Spheroplasts from Δgcn5 and the isogenic wild type cells (BY4741) were lysed and exposed to excess of BglII, DraI or MNase as indicated on top of each lane. After purification and complete digestion with restriction enzymes that cut at each side of the analyzed loci (shown on the right), DNA fragments were analyzed by Southern blot with the probes shown on the right. A typical outcome of one of three independent experiments is shown. A. Analysis of ARS1. Diagram of the ARS1 locus on chromosome IV with the positions of ARS1, of the probe for Southern blot and of the BglII, EcoRV and EcoRI sites is shown on the right. The BglII-cleaved (475 bp) and uncleaved (1066 bp) fragments are also shown. Density graphs of lanes 1, 2, 4 and 5 are shown underneath. B. Analysis of CEN4. Diagram of the CEN4 locus on chromosome IV with the positions of CEN4, of the probe for Southern blot, of the BglII and KspAI sites and the three juxtaposed DraI sites is shown on the right. The DraI-cleaved (600 bp) and uncleaved (878 bp) fragments are also shown. Density graphs of lanes 1, 2, 4 and 5 are shown underneath.

https://doi.org/10.1371/journal.pone.0008964.g005

Deletion of GCN5 Has a Relatively Minor Effect on the Structure of CEN4

An earlier study has implicated GCN5 in the regulation of centromeres [37]. More specifically, the study has shown increased accessibility of DraI sites in centromeres in Δgcn5 cells. We attempted to evaluate the extent of chromatin modifications at origins and centromeres in Δgcn5 cells using a similar DraI-accessibility assay for the analysis of CEN4. Samples from wt and Δgcn5 cells prepared in parallel with the samples for Fig. 5A were digested with DraI and processed accordingly with KspI and BglII. Next, indirect end-labeling with a probe annealing 600 bp from the three juxtaposed DraI sites in CEN4 was performed (Fig. 5B). In these experiments we consistently observed fairly similar levels of DraI cleavage in both wt and Δgcn5 cells (Fig. 5B, lanes 2 and 5). Calculation of the intensity of the cleaved (600 bp) and uncleaved (878 bp) CEN4 fragments in Fig. 5B showed that 14% and 18% of the DraI sites were digested in wt cells or Δgcn5 cells, respectively.
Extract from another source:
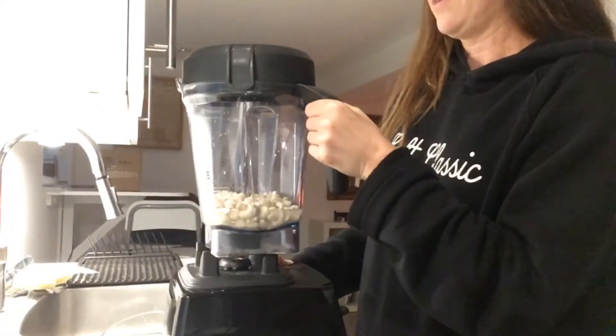I believe that's everything. If there are any other ingredients that I ended up adding that taste really great, I will put them in the notes. But for now I think we're just going to do this, so I'm going to pop the lid on and blend this up, and then I'll pour it out and explain the fermentation process.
In agreement, the accessibility to DraI in [37] was similarly estimated at 9% in wt cells and 13% in Δgcn5 cells.

In summary, our assays have demonstrated that the deletion of GCN5 produces minor alterations in the chromatin structure of CEN4 and major alterations of ARS1.

Deletion of GCN5 Impairs the Assembly of Pre-Replicative Complexes on Origins in G1

Earlier studies have shown that the lack of GCN5 delays progression through G2 and Mitosis after synchronization with α-factor [37], [38]. When cells are synchronized in Mitosis, they also progress slower through G1/early S phase and display later appearance of buds as compared to wild type cells (Figure S1). We considered that an event in Mitosis or G1 that is important for regulation of origins could be impaired in Δgcn5 cells.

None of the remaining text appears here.